Task brief
This exercise calls for every line of the data below with the string "Black" in it.

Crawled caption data
◇ ◇ ◇ ◇
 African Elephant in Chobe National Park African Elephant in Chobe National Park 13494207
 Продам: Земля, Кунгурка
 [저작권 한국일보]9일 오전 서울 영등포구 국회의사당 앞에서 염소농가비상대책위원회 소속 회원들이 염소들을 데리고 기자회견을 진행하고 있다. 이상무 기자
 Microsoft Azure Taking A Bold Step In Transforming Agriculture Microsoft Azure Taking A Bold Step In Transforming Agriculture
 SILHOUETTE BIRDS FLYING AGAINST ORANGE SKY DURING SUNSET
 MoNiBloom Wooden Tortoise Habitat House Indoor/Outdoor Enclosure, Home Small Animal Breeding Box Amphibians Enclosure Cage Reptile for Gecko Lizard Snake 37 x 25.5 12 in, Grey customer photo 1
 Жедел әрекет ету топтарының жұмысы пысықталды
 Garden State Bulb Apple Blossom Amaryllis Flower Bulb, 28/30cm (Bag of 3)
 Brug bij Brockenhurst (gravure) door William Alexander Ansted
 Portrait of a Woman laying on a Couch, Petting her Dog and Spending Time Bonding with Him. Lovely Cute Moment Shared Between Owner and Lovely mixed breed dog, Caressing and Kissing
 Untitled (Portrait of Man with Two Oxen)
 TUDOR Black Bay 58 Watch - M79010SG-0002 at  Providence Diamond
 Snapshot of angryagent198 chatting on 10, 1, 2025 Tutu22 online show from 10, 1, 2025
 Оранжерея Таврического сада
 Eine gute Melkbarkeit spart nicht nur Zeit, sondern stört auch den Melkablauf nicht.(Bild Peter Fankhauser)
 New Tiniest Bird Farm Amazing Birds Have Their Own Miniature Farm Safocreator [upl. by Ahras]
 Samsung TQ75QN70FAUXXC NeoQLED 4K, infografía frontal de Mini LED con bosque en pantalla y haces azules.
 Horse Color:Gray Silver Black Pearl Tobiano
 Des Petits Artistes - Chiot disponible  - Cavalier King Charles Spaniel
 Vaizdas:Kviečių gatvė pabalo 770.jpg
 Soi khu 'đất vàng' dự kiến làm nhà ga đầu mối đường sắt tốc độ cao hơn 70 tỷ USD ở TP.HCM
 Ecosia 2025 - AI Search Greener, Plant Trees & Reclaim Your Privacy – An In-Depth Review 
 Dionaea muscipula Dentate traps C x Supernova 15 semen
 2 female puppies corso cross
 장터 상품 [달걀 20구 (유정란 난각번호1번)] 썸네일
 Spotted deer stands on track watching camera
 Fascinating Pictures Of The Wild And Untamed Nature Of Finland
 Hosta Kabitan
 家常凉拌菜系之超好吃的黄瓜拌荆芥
◇ ◇ ◇ ◇
Problem solution
 TUDOR Black Bay 58 Watch - M79010SG-0002 at  Providence Diamond
 Horse Color:Gray Silver Black Pearl Tobiano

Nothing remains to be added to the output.